Database Selection¶
The selection of an appropriate database depends on various factors, including the type of data to be stored and the expected query patterns. Different types of data, such as metrics data, logs, enterprise data, graph data, and key/value stores, have distinct characteristics and requirements that demand tailored database solutions.
Relational databases¶
Relational databases are also called a relational database management system (RDBMS) or SQL database.

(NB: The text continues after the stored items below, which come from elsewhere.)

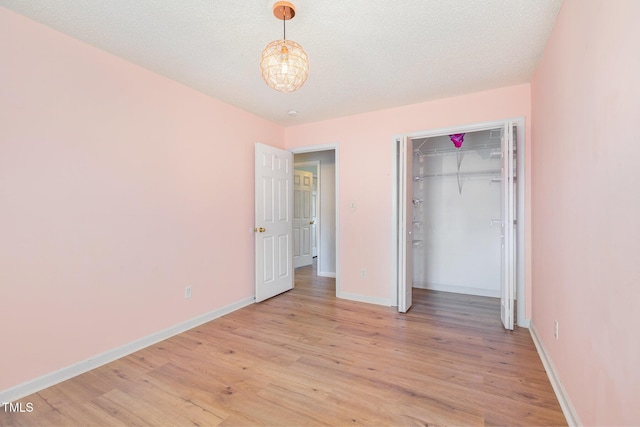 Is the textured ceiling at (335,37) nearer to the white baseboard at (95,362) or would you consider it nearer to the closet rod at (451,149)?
the closet rod at (451,149)

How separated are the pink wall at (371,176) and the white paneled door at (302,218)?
2.16 meters

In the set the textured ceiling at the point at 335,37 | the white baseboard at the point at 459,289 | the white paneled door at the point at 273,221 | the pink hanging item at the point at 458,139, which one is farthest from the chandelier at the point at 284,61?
the white baseboard at the point at 459,289

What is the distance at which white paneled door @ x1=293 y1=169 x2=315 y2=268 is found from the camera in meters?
6.31

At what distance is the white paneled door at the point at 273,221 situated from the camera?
3.88 metres

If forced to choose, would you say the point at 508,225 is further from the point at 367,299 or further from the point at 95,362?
the point at 95,362

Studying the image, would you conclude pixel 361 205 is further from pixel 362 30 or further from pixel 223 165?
pixel 362 30

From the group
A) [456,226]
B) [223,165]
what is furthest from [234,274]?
[456,226]

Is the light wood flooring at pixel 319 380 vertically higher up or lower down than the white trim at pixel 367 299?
lower down

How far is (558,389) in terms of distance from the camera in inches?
74.1

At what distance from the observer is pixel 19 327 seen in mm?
1941

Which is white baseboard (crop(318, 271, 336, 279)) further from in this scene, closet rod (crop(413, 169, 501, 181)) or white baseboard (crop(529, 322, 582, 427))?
white baseboard (crop(529, 322, 582, 427))

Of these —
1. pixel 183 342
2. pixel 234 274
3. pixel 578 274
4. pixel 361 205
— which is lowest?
pixel 183 342

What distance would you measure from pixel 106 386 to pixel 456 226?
4.31m

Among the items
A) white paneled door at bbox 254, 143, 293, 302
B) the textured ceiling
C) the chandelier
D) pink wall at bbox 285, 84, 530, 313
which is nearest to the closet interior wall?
pink wall at bbox 285, 84, 530, 313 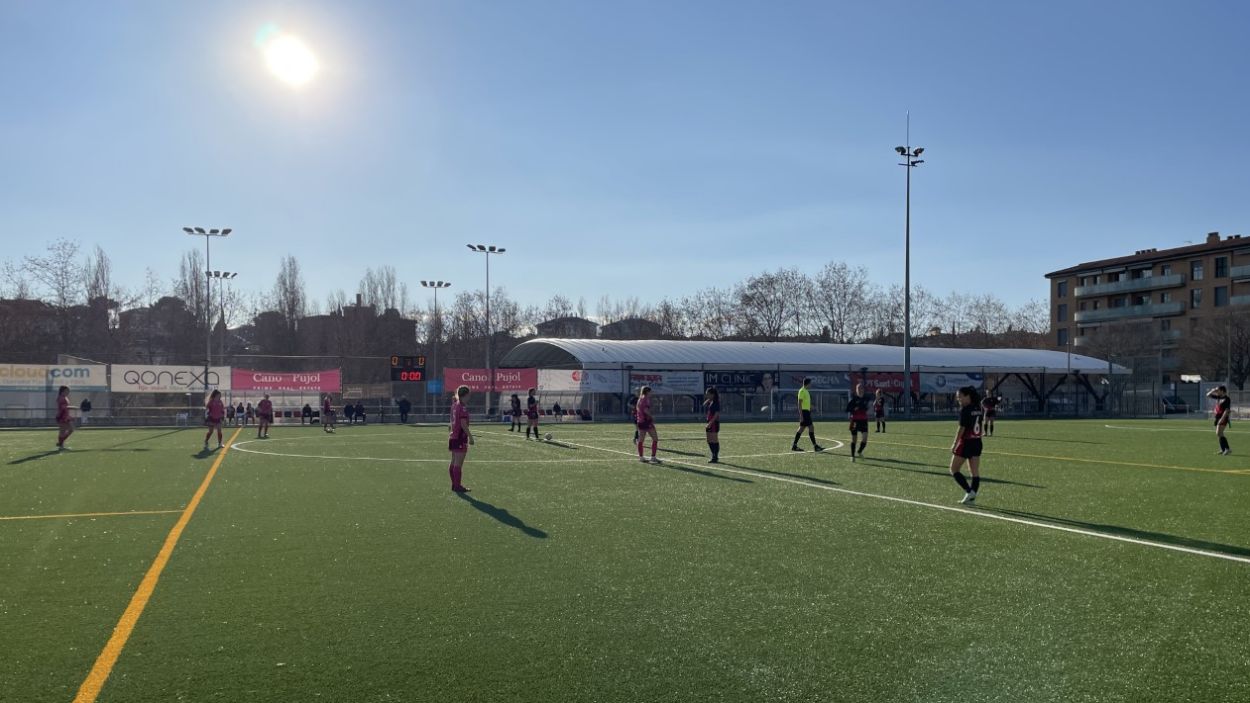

For enterprise data that requires strict ACID (Atomicity, Consistency, Isolation, Durability) transactions and complex relational querying, a traditional SQL database like PostgreSQL or MySQL might be the right choice. One can perform join operations using SQL across different database tables.
Non-Relational databases¶
Non-Relational databases are also called NoSQL databases.
These databases are grouped into four categories
- key-value stores
- graph stores
- column stores
- document stores
Join operations are generally not supported in non-relational databases.
Usecases¶
- For metrics data, where high write-throughput is essential to record time-series data, a time-series database may be more suitable due to their optimized storage and querying mechanisms.
- For handling large volumes of unstructured data, such as logs, a NoSQL database like Elasticsearch or could provide efficient indexing and searching capabilities.
- For scenarios demanding simple read and write operations, a key/value store such as Redis or Cassandra could offer low-latency data access.